Broadway Bill unfolds the fresh and inventive talent of Frank Capra in a mood of high good humor. Out of the sentimental simplicities of Mark Hellinger's story, Mr. Capra manufactures the kind of entertainment which pleases the thin-nosed sophisticate as well as the ribbon-counter empress and the affrighted defender of the public morale.

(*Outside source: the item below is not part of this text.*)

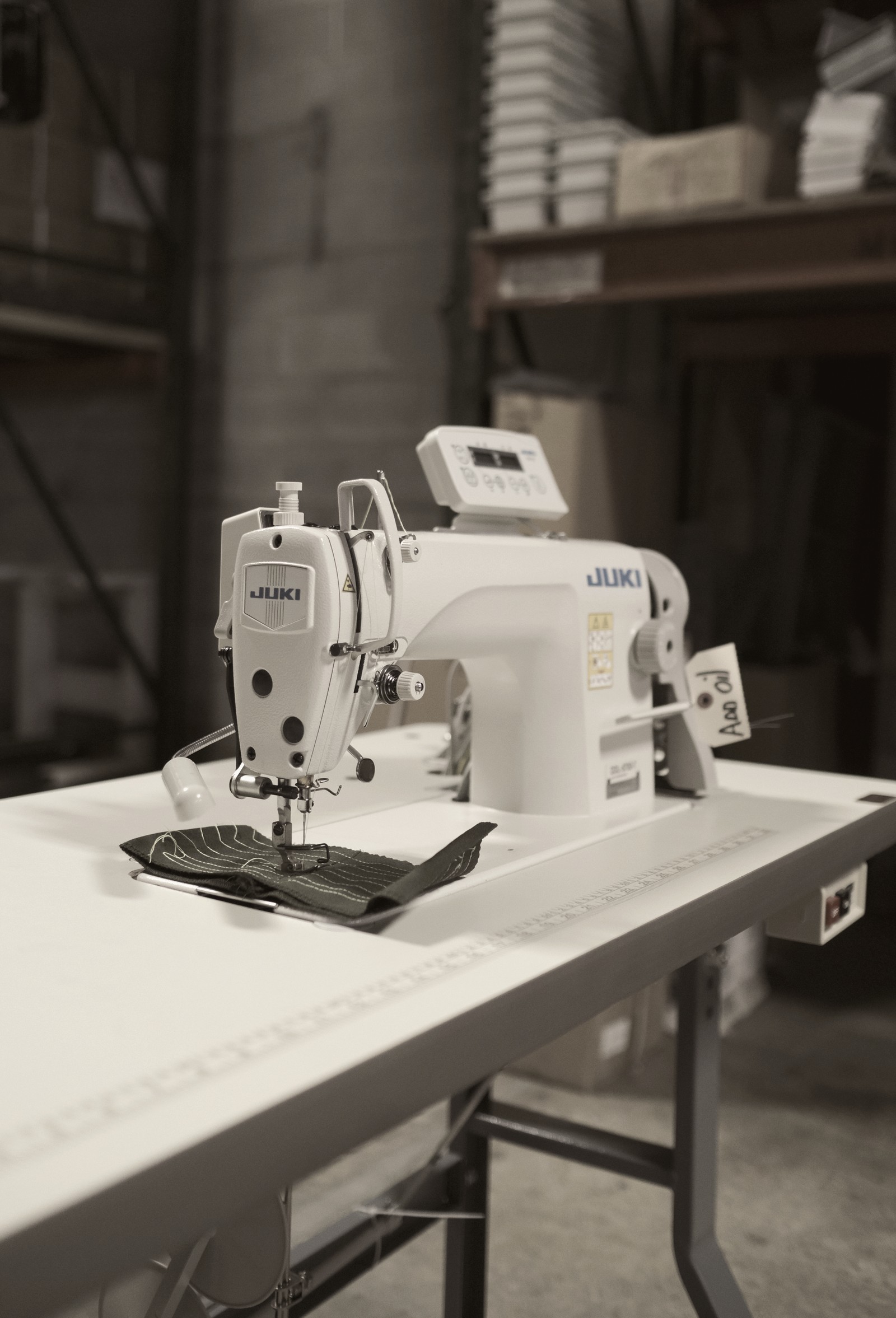 JUKI industrial sewing machine mid-stitch on a production line at Thread Works Studios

So skillfully does he wield his gently satirical cameras that, if you are not aware of the portentous matters he is spoofing, you are still under the impression that the screen is providing an uncommonly pleasant experience. For Mr. Capra owns a rare gift for cinema. It is a fortunate coincidence that he bestows it for the greatest good of the greatest number.

Seenwald goes on to praise the performances of the entire cast, singling out the "enormously agreeable" Warner Baxter and Myrna Loy who "reaffirms our faith in her, both as a light comedienne and as a person". Seenwald concludes by recommending Broadway Bill "without reservations".

In his review for AllMovie, Bruce Eder gave the film four out of five stars, writing that the film was "almost too much movie for its own good", with perhaps too many digressions and characters. Despite these shortcomings, Eder concludes that the director ultimately delivers a good film:

Capra pulls it all together better than probably any director this side of William Wyler could have, and he does it with some surprisingly deft touches in the individual scenes getting a very physical performance out of Warner Baxter, a deeply passionate one from Myrna Loy, and some serious help from Walter Connolly and Clarence Muse. It doesn't quite all fit together, but it is a very ambitious and effective comedy drama with some memorable scenes and moments throughout and a wonderfully upbeat finale with an unexpected twist.

Variety magazine wrote "If any racetrack picture ever had a chance to beat the no-femme-draw bugaboo, Broadway Bill is the picture. It has a story, a tiptop cast—and Frank Capra's direction."

==Home media==
Broadway Bill was released on DVD on August 31, 2004, by Paramount in 1:33:1 aspect ratio. An introduction by Frank Capra Jr. was included as a special feature. A DVD version was released by Warner Home Video (under license from Paramount) on April 22, 2014.